Alors que, dans certains pays où le débat sur l’euthanasie en est, pour ainsi dire, encore à ses balbutiements, et où de sérieuses questions morales sont soulevées précisément au sujet de ce caractère sacré absolu de la vie et de la responsabilité sociale que chaque personne a envers les autres, et où l’on se demande donc si l’euthanasie en tant que telle peut réellement être considérée comme le fruit d’une compréhension croissante d’une humanité en pleine évolution, il s’agit là, pour notre pays, d’un débat depuis longtemps oublié et relégué aux oubliettes, dans lequel on regarde avec pitié ceux qui n’ont pas encore atteint cette maturité morale. L’argument est alors très vite avancé selon lequel certaines opinions doctrinales doivent être totalement exclues d’une société qui s’est affranchie de toute forme de considération religieuse ou philosophique ne s’alignant pas sur la nouvelle vision de l’humanité qui vient d’être mise en avant.

C’est ainsi que ceux qui tentent encore d’introduire une réflexion morale dans le débat, et s’efforcent à juste titre d’en faire le point de départ, sont très vite réduits au silence, accusés de cruauté inhumaine parce qu’on leur reproche d’être insensibles aux souffrances que d’autres doivent endurer. Car ce serait là une conception de l’humanité qui priverait les individus du droit de prendre des décisions autonomes concernant leur propre vie et qui permettrait à une idéologie de primer sur la situation concrète dans laquelle se trouve une personne.

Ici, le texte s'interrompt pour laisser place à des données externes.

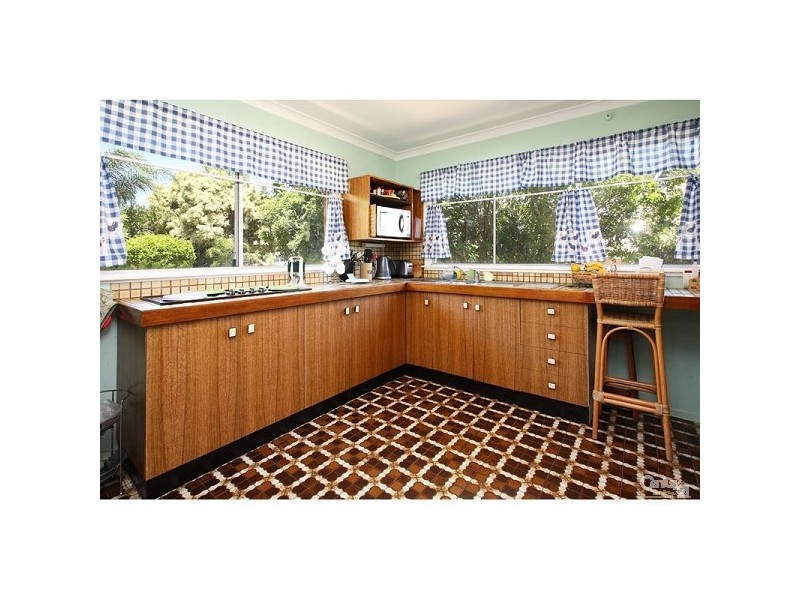 38 Talwong Street, Manly West QLD 4179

Selon eux, « l’humanité » exige que l’on emploie tous les moyens pour soulager la souffrance et, si cela s’avère impossible, pour l’éliminer complètement. Le véritable sens de la compassion est réduit et perverti à l’élimination radicale de la souffrance par le fait de tuer activement l’autre, plutôt que d’honorer ce mot dans son sens véritable, où l’attention bienveillante portée à ses semblables reste la priorité. L’euthanasie est élevée au rang de forme suprême de compassion, en tant qu’acte d’amour par lequel une personne est délivrée de ses souffrances.

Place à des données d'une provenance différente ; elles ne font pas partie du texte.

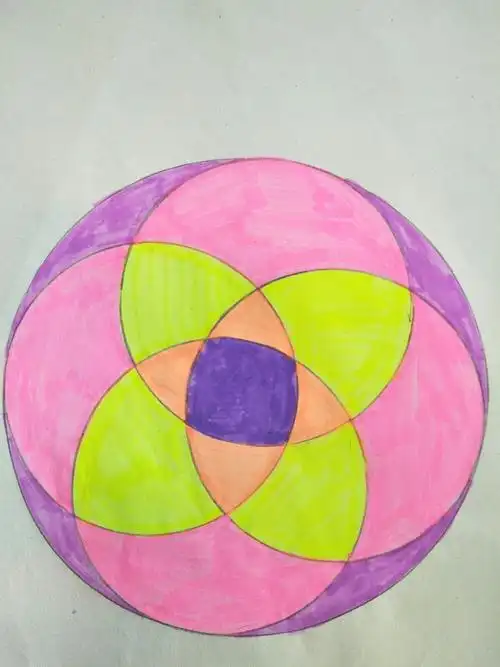 孩子们用圆设计的美丽图案.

Ceux qui, en revanche, osent encore parler du caractère sacré absolu de toute vie – surtout lorsqu’il semble que ce soit avancé dans une perspective religieuse particulière et avec des connotations religieuses – semblent venir d’une autre planète. Ils deviennent des parias dans un pays qui s’est présenté à l’échelle mondiale comme un pionnier du débat éthique, où le seul objectif est désormais de promouvoir à la fois l’avortement et l’euthanasie en tant que droits humains fondamentaux.

Le fait que cela ait déjà été réalisé en France dans le domaine de l’avortement pourrait bien être considéré par certains Belges comme un échec à rester à l’avant-garde de la libération de toute forme d’ingérence morale dans les décisions concernant la vie et la mort, fondée sur un triomphe absolu de l’autodétermination que personne ni rien ne peut remettre en cause. C’est ainsi que le respect absolu de la vie a été relégué aux oubliettes et est finalement devenu tabou. La véritable question n’est pas de savoir si nous sommes devenus plus libres, mais si nous sommes devenus plus humains.